------ Dataset excerpts ------

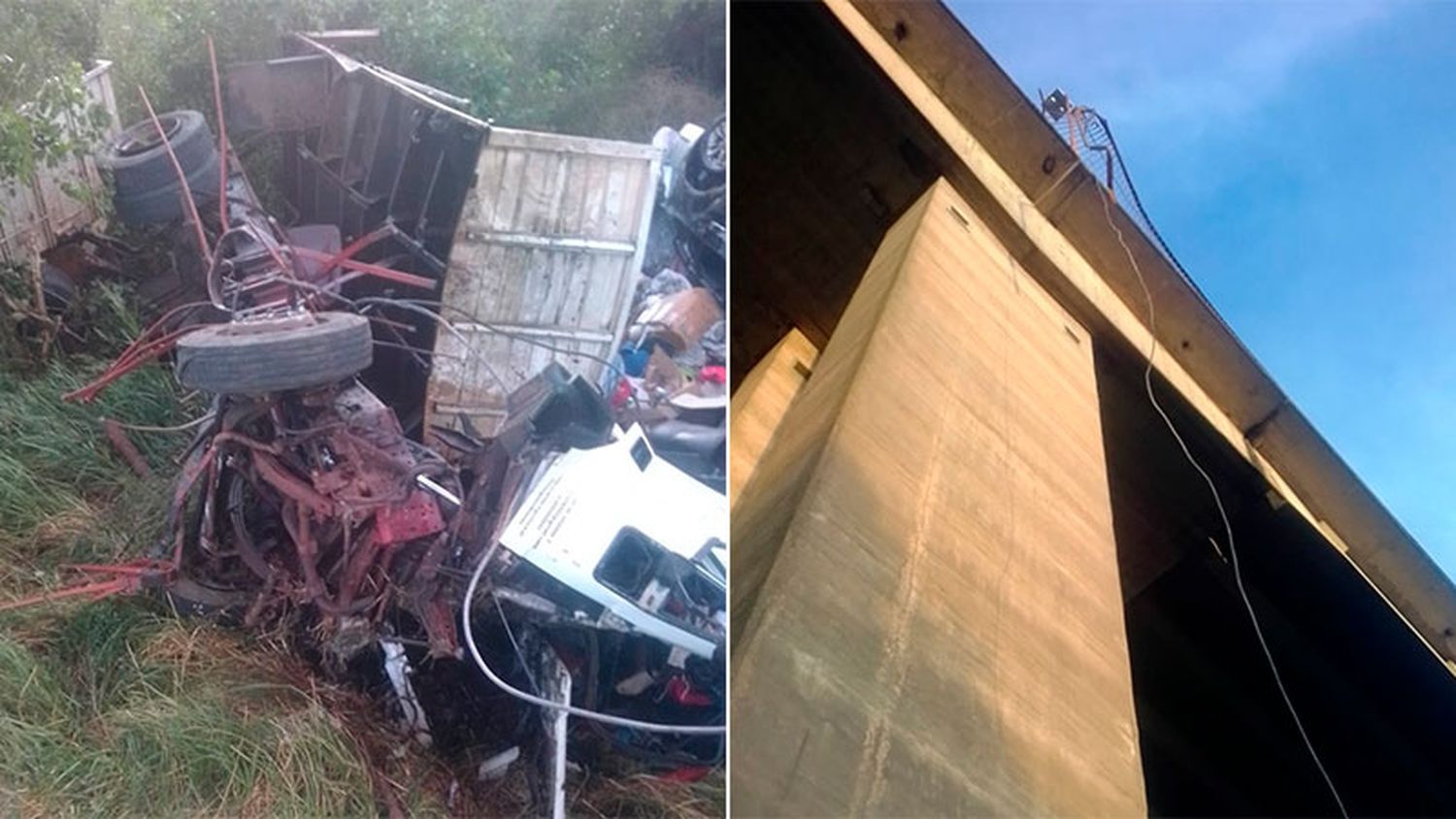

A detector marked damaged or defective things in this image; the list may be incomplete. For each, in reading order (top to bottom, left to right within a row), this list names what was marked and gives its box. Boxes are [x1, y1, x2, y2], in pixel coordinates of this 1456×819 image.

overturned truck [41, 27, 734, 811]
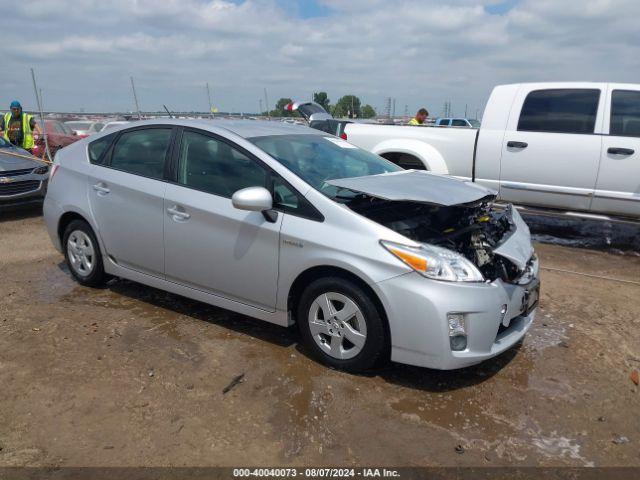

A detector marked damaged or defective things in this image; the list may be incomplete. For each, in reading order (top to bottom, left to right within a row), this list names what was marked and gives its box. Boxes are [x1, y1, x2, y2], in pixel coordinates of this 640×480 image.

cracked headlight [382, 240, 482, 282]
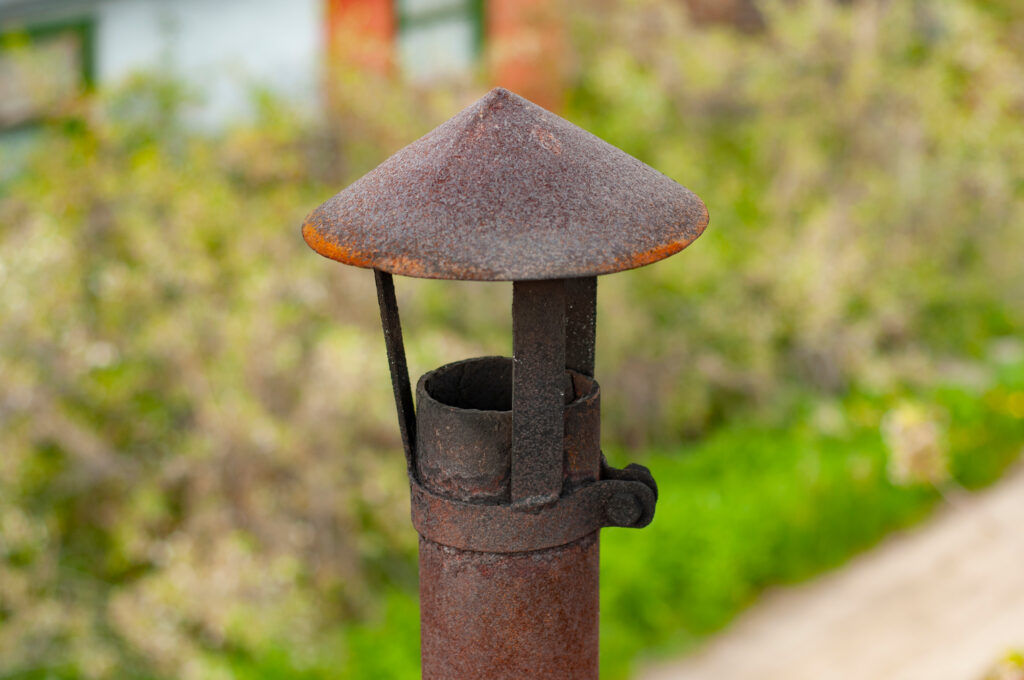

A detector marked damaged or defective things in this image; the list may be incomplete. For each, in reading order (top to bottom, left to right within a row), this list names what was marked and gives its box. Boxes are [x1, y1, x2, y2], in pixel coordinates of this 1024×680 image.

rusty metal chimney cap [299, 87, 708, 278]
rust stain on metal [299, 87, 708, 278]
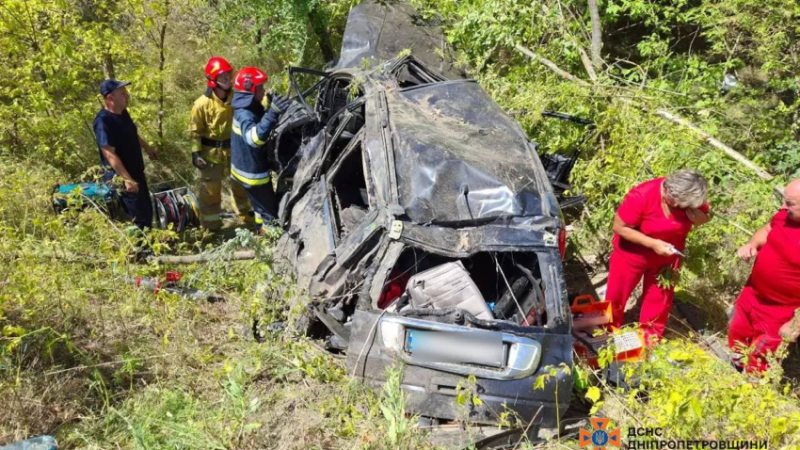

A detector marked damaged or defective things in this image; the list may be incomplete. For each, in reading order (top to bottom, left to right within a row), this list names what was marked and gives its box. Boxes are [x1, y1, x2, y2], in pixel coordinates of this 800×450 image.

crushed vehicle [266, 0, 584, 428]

------

Work required -> Set down only the lines from the one with "this 1024×680 image." through the end of the entries, exactly as they appear, leaving out each picture.

Answer ->
A detector marked damaged or defective things in this image; the list may be incomplete. For each, in reading order (top to bottom, left to right within a row), this list names what was marked and gives its box. Boxes are [x1, y1, x2, y2], in pixel coordinates of this 1024×680 image.

rusty metal chimney cap [299, 87, 708, 278]
rust stain on metal [299, 87, 708, 278]

A detector marked damaged or defective things in this image; the list may be incomplete. For each, in reading order (top to bottom, left to right within a row), this list names what was marked and gives its box. Boxes are [x1, y1, x2, y2], in pixel coordinates of this 800×450 image.

crushed vehicle [266, 0, 584, 428]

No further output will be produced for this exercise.